Start of Records for the task

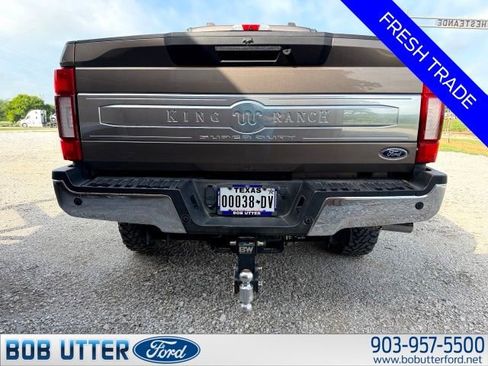 Used 2022 Ford F250 King Ranch w/ Tremor Off-Road Package AWD/4WD image 6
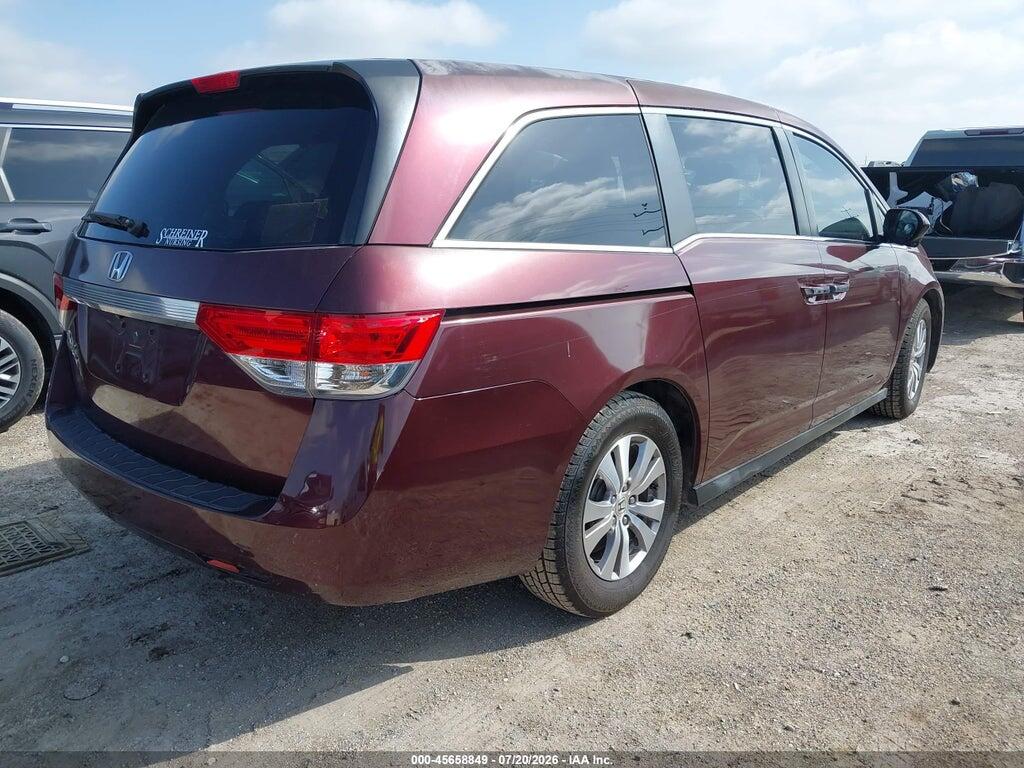 5FNRL5H65EB099413 2014 HONDA ODYSSEY photo no. 4
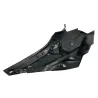 Plancher marche pied gauche BMW C 400 X 2018-2020 Plancher marche pied gauche BMW C 400 X 2018-2020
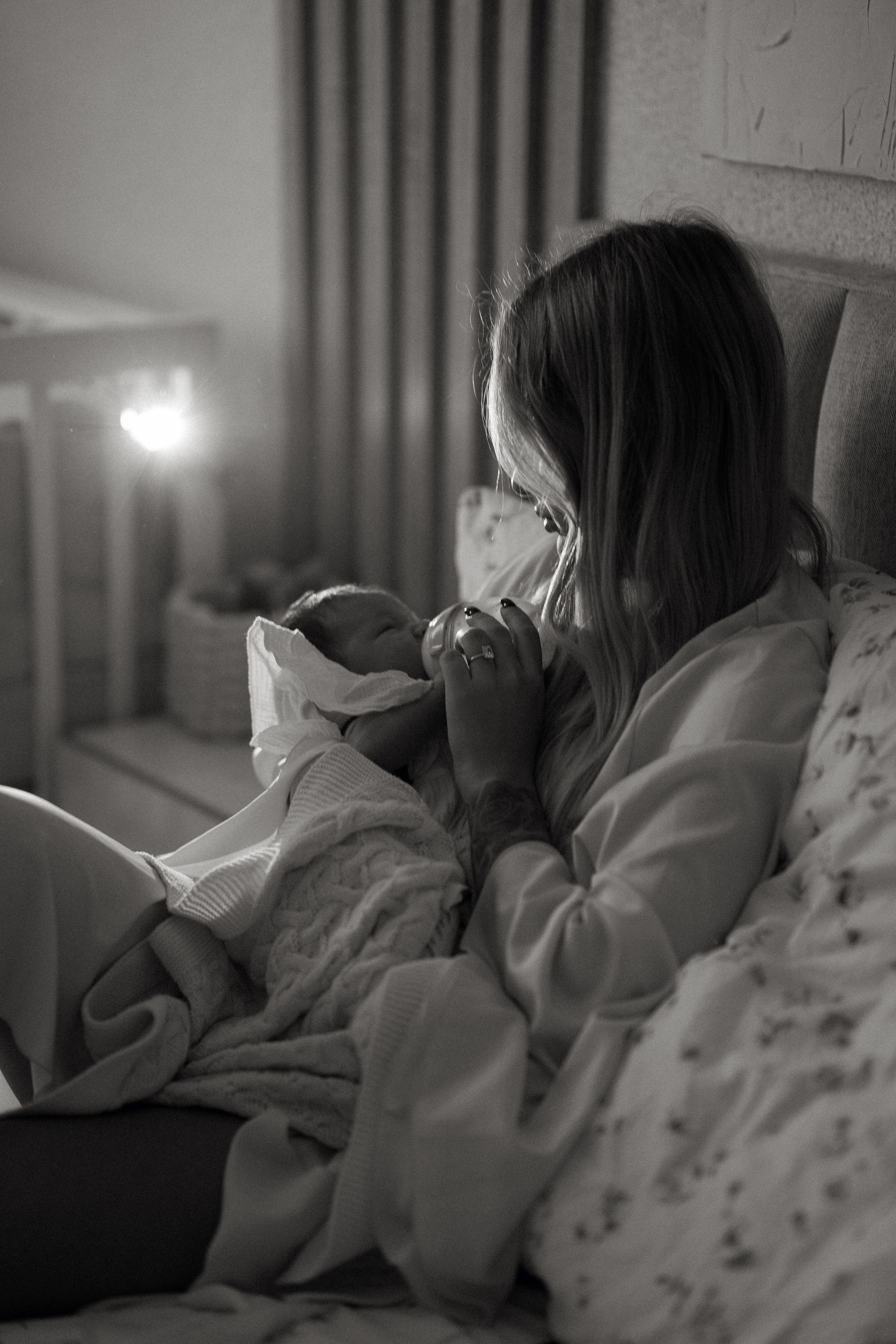 Малышка Эвелина. Свадебный и семейный фотограф в Москве Ксения Шведова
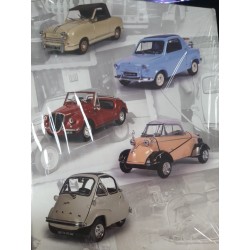 Reliure micro car 4H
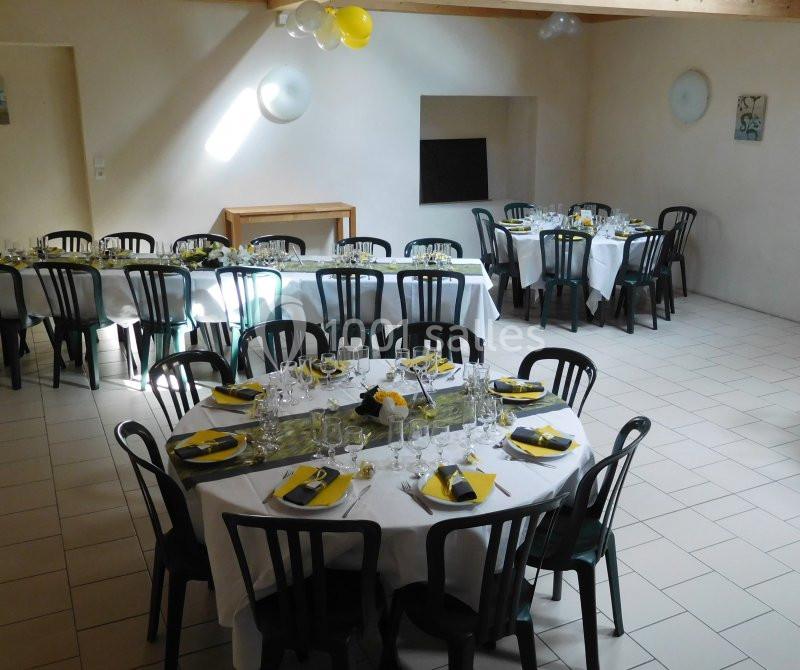 Location salle Candé (Maine-et-Loire) - La Maison De Nicolas #7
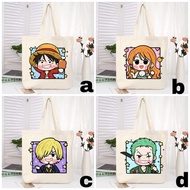 Herlin Collection_Totebag Contemporary Cartoon Edition 0NE PIECE Gemoy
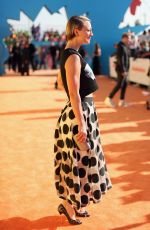 KALEY CUOCO at 2015 Nickelodeon Kids Choice Awards in Inglewood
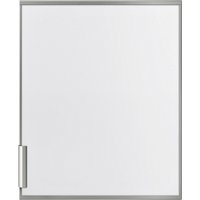 KF10ZAX0 Türfront mit Dekorrahmen Kühl-/Gefriergeräte-Zubehör aluminium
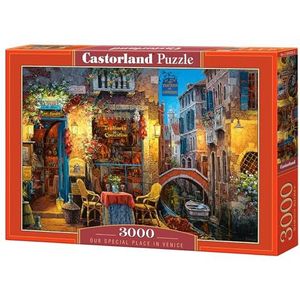 Our Special Place in Venice Puzzel (3000 stukjes)
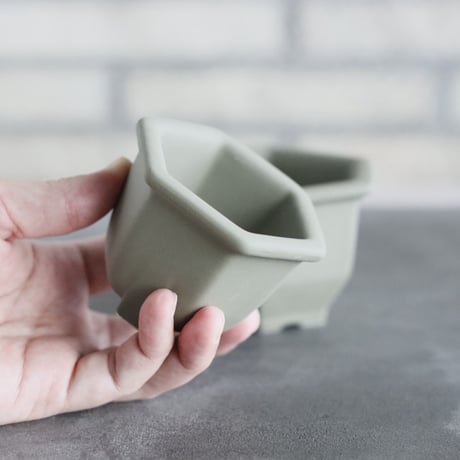 Konect / nos pot / Olive  no.628-1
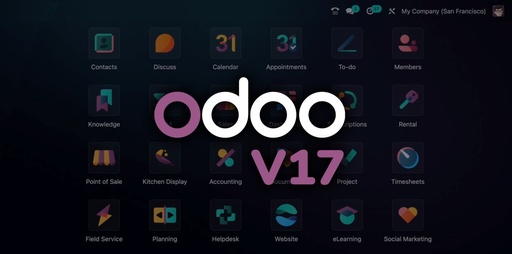 Odoo ERP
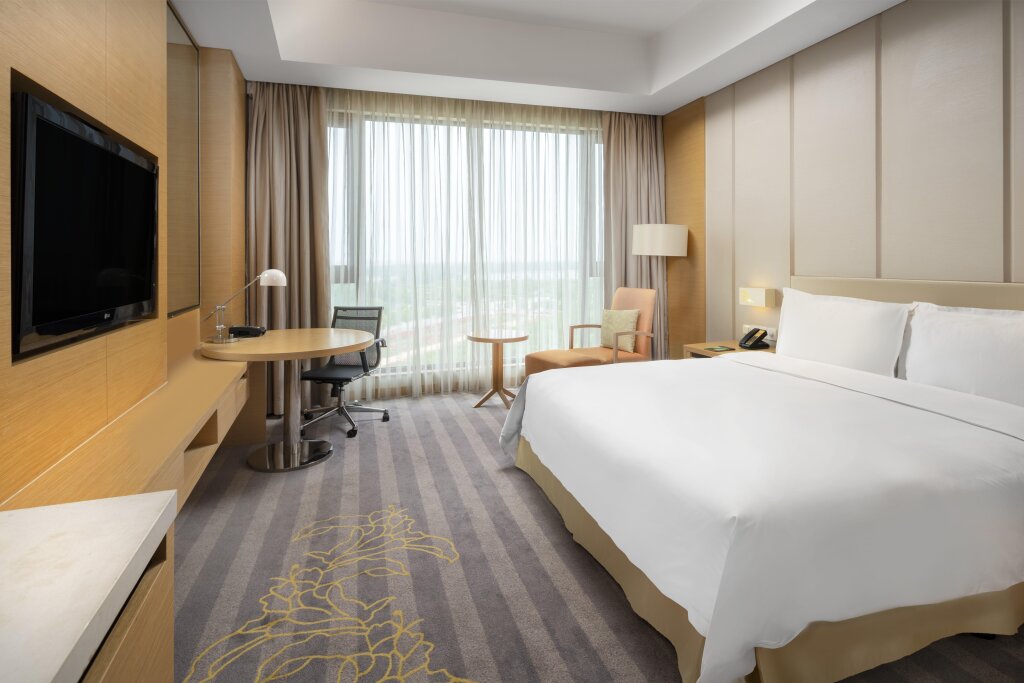 Наньян: Holiday Inn Nanyang by IHG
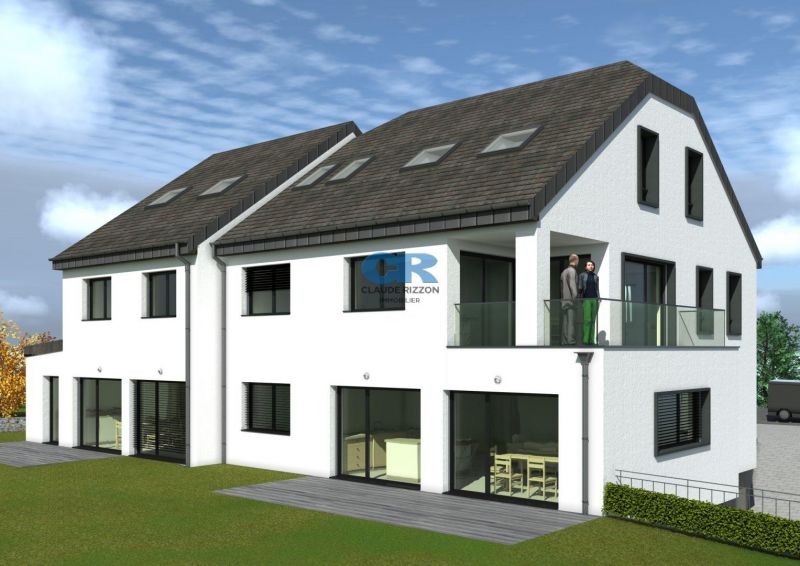 Apartment with 3 rooms to sell in Wickrange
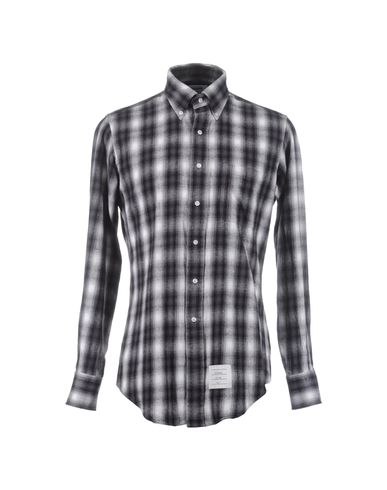 ZOOM THOM BROWNE - Long sleeve shirt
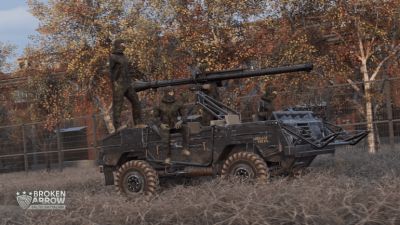 Военная стратегия Broken Arrow получила дополнение с войсками Литвы, Латвии и Эстонии - coop-land.ru - Сша - Литва - Латвия - Эстония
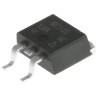 Vishay N-Channel Enhancement MOSFET 5.6A 100V TO-263 3-Pin IRF510SPBF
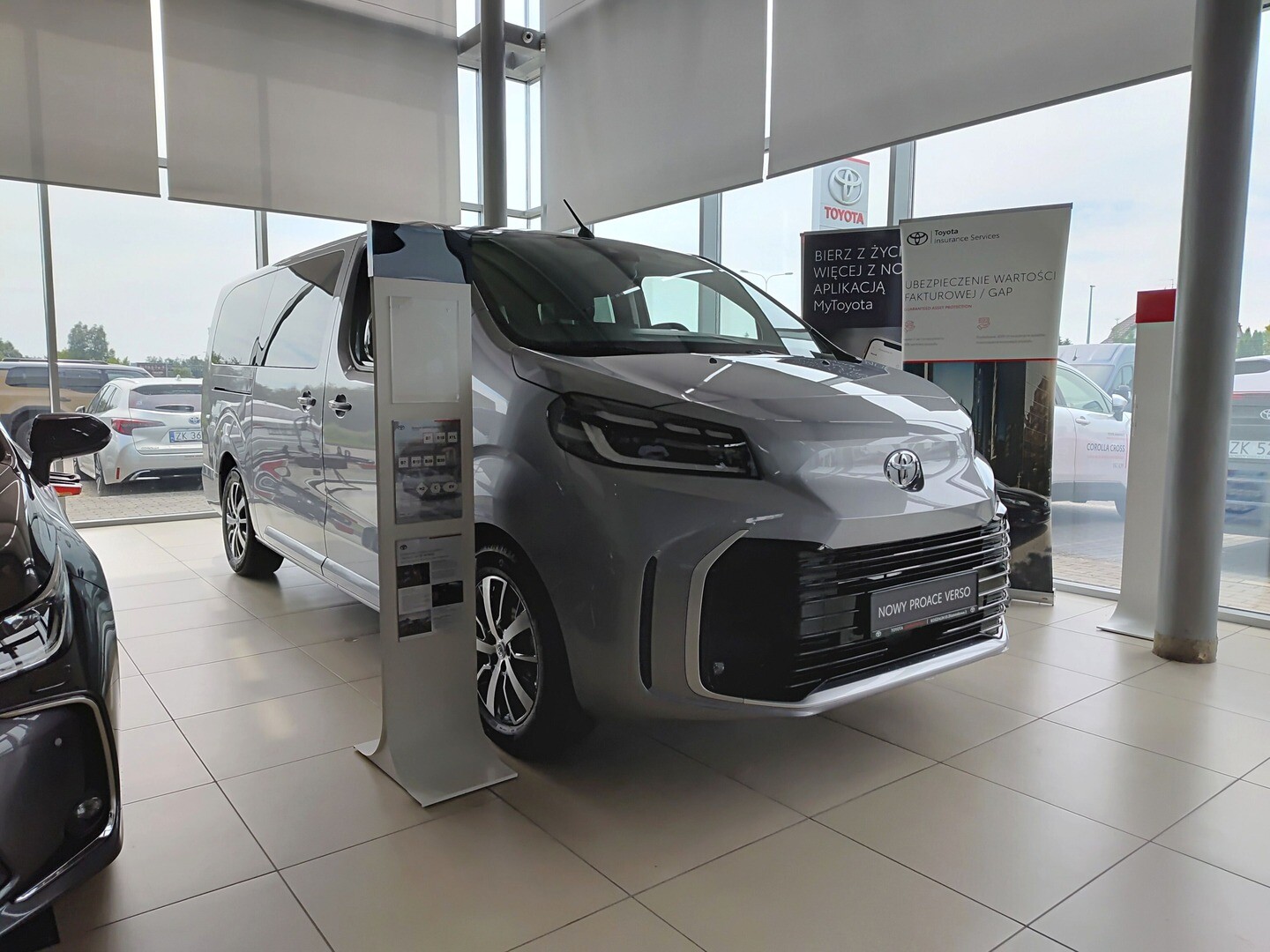 Toyota PROACE VERSO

End of Records for the task

Your copy should hold exactly the lines from the one with "5FNRL5H65EB099413 2014 HONDA" through the end of the records, both included, and no pictures.

▸ Response box
 5FNRL5H65EB099413 2014 HONDA ODYSSEY photo no. 4
 Plancher marche pied gauche BMW C 400 X 2018-2020 Plancher marche pied gauche BMW C 400 X 2018-2020
 Малышка Эвелина. Свадебный и семейный фотограф в Москве Ксения Шведова
 Reliure micro car 4H
 Location salle Candé (Maine-et-Loire) - La Maison De Nicolas #7
 Herlin Collection_Totebag Contemporary Cartoon Edition 0NE PIECE Gemoy
 KALEY CUOCO at 2015 Nickelodeon Kids Choice Awards in Inglewood
 KF10ZAX0 Türfront mit Dekorrahmen Kühl-/Gefriergeräte-Zubehör aluminium
 Our Special Place in Venice Puzzel (3000 stukjes)
 Konect / nos pot / Olive  no.628-1
 Odoo ERP
 Наньян: Holiday Inn Nanyang by IHG
 Apartment with 3 rooms to sell in Wickrange
 ZOOM THOM BROWNE - Long sleeve shirt
 Военная стратегия Broken Arrow получила дополнение с войсками Литвы, Латвии и Эстонии - coop-land.ru - Сша - Литва - Латвия - Эстония
 Vishay N-Channel Enhancement MOSFET 5.6A 100V TO-263 3-Pin IRF510SPBF
 Toyota PROACE VERSO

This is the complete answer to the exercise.